As Professor Scholes asserts, fundamentals undoubtedly triggered the initial decline. But in 10 years and untold hours of research, no one has been able to find any fundamentals that could begin to explain the full magnitude of the collapse on the 19th.
LIQUIDITY CRISIS
Professor Miller, and others before him, would argue that, because portfolio insurance selling constituted only a fraction of total sales on the 19th, it did not contribute significantly to selling pressure. In fact, insurers accounted for a remarkably large percentage of sales on the 19th, especially considering that insured equities of about $100 billion amounted to just 3% of the market's total capitalization. Insurers had an effect out of all proportion to their actual size both because they exerted an enormous selling pressure on the market and because their selling panicked other investors.
Selling by insurers accounted for a whopping 43% of public futures sales (sales exclusive of locals' transactions) on the 19th, and stock sales by insurers accounted for almost 23% of large investors' sales on the New York Stock Exchange that day. Furthermore, portfolio insurers were the only group of large institutional traders whose sales far overwhelmed their purchases in both the stock and the futures markets.
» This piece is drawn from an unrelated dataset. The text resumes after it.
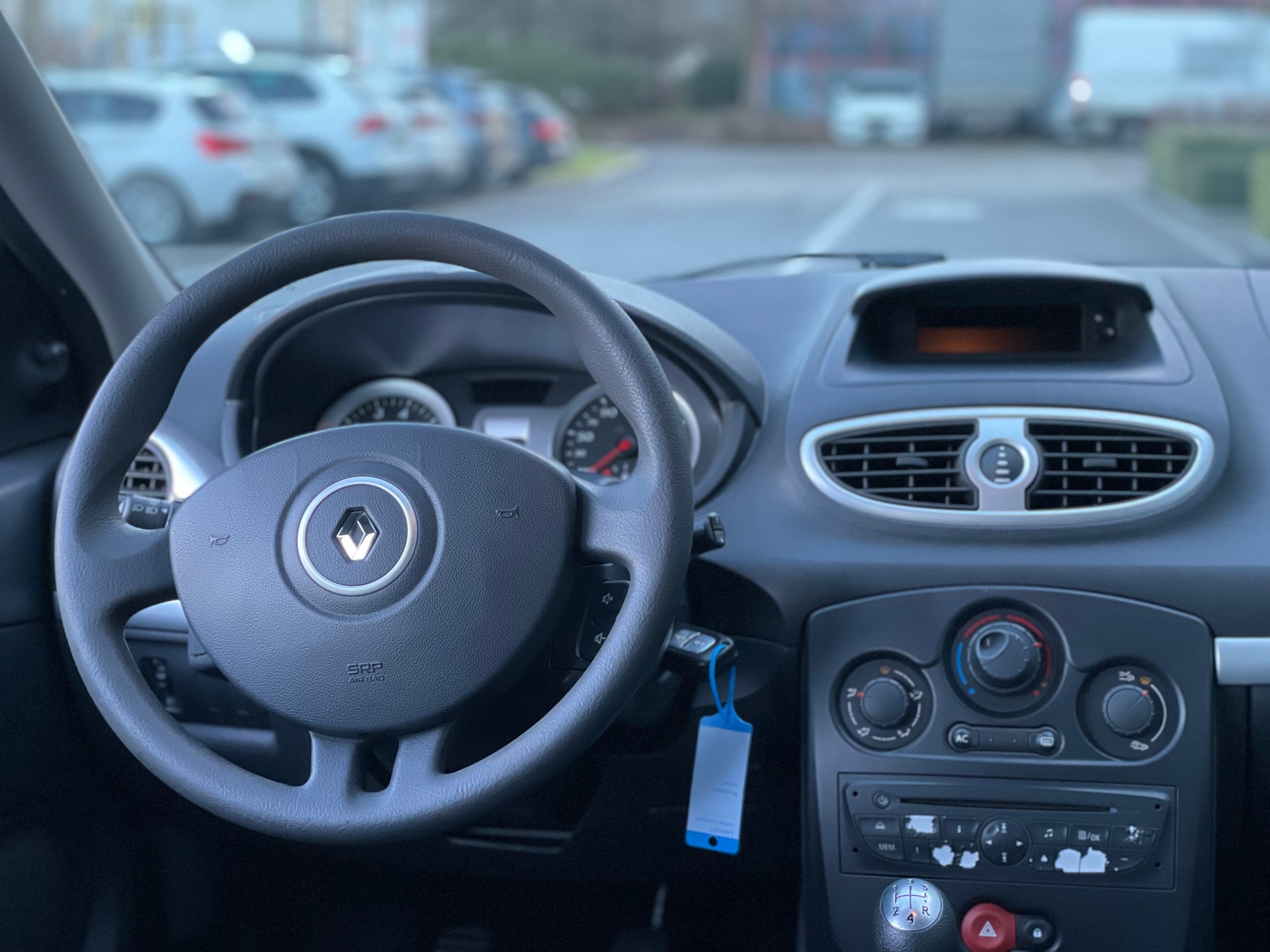 RENAULT Clio 1.2 16V Expression-image-9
Portfolio insurers not only sold 36 times as much as they bought in the futures market, they also sold four times as much as they bought in the stock market on the 19th (as their inability to sell in the futures market at other than sharp discounts forced them into the underlying market to curtail their equity exposures).
Portfolio insurers' sales net of their purchases on the 19th amounted to $5.2 billion; that is, insurance selling alone accounted for almost a full day's average trading volume on the NYSE back then. Furthermore, on the basis of the magnitude of the market's decline and the size of the pool of insured assets, insurers' replication rules would have called for selling $25 billion in equity positions, some four days' average trading volume. What magic wand could produce buyers, at a moment's notice, willing to fill this demand, especially as prices plunged discontinuously downward toward who knew what bottom?
Would there have been a liquidity crisis in the absence of portfolio insurance? Blaming illiquidity for the crash, as Professor Scholes does, mistakes the effect for the cause.